私自身、このコンサートの「曲」の部分だけを切り取った動画は見ていたのですが、MCを含むコンサート全体はちゃんと見たことがありませんでした。
今回自分で訳に挑戦しながら、あらためてコンサート全体を味わえたら良いなと思っています。
私もまだ全部は見られていないので、全部を訳せるかどうかは今のところわかりませんが(途中で訳せなくなってブログが苦行になるかもしれませんが)、できる範囲で(自分のペースで)訳していきたいと思います。
Maskin
まずトリオのご紹介をします。
トリオを構成しているのは、
- ニッケルハルパ(とフィドル)奏者のOlov Johansson(オーロヴ・ヨーワンソン)
- フィドル奏者のErika Lindgren Liljenstolpe(エリーカ・リンドグレン・リリエンストルペ)
- フィドル奏者のRobert Larsson(ローベルト・ラーション)
です。
後でご紹介する動画の、「向かって左からの順番」で名前を書きました。
この3人は、それぞれウップランド地方出身の演奏家です。
ともに同じ演奏家たち(ウップランド地方の過去の演奏家たち)を師として仰いでいて、共通のレパートリーをたくさん持っています。
スウェーデンの地図です↓ウップランド(Uppland)は右側、中央より少し下くらいにあります。
この3人、トリオとしては、「Gås-Anders(ゴース・アンダーシュ、1815-1896)」という昔の奏者が伝えた曲を中心に演奏しています。
そのGås-Andersが伝えた曲の中に「Maskin」という曲があることから、トリオ名を「Maskin」としているそうです。
※Gås-Andersについては過去のブログに少し書いています→Gås-Andersについて
「Maskin」は「マフィーン」と読みます。「ski(フィ)」の発音が少し特殊なのですが、カタカナで書くと「マフィーン」が一番近いかなと思います。
イントネーション的には、「機械」の「マシーン」のそのままです。「マシーン」の「シ」の部分を「フィ」に置き換えた感じです。一応ネット辞書の発音がこちらのページで聴けます(スピーカー部分をクリックしてください)→Synonymer.seの「maskin」のページ
(単語の意味も、「machine」の意味があります)
そして、このコンサートは「Boda Hembygdsförening」という所(機関)が主催しています。
コロナ以前は普通にコンサートをしていたのだと思いますが、コロナをきっかけにライブ配信のコンサートを行うようになったそうです。
2020年から配信コンサートの動画をいくつもアップされています。
Boda HembygdsföreningのYouTubeチャンネル
ちなみに、Boda(ボーダ)は地名で、ダーラナ地方にある地域です。伝統音楽が盛んな場所の一つです。
動画
では、早速動画を見ていきたいと思います。
このコンサートは無観客で行ったようなので、お客さんのリアクションが入っていないのは少し残念ですが、本人達のリアクションも見ながら訳していきます。

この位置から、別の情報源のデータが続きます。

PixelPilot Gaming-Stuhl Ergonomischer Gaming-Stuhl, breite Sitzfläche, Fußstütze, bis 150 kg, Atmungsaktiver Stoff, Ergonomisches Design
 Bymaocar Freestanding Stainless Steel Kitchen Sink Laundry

(Gunnar Brandinによる最初の挨拶、~0:23)
Boda Hembygdsföreningへようこそ。
月曜夜のシリーズとして、今夜演奏するのはMaskinというトリオです。
MaskinのメンバーはErika Lindgren Liljenstolpe、Robert Larsson、そしてOlov Johanssonです。
春のコンサートシリーズと同様、今回もLive配信を行います。
Boda Liveへ、ようこそ。
以降、「※」は私の注釈で、数字のリンクはYouTubeの該当箇所になります。クリックすると別ウィンドウで開きます。
①0:28~ Glöggmarschen(グルッグマルシェン)ーホットワインの行進曲
(MCは2:40~)
(Olov)さあ、Erika、Robert、こうしてここで演奏できるのはとても楽しいね!(他の2人も同意)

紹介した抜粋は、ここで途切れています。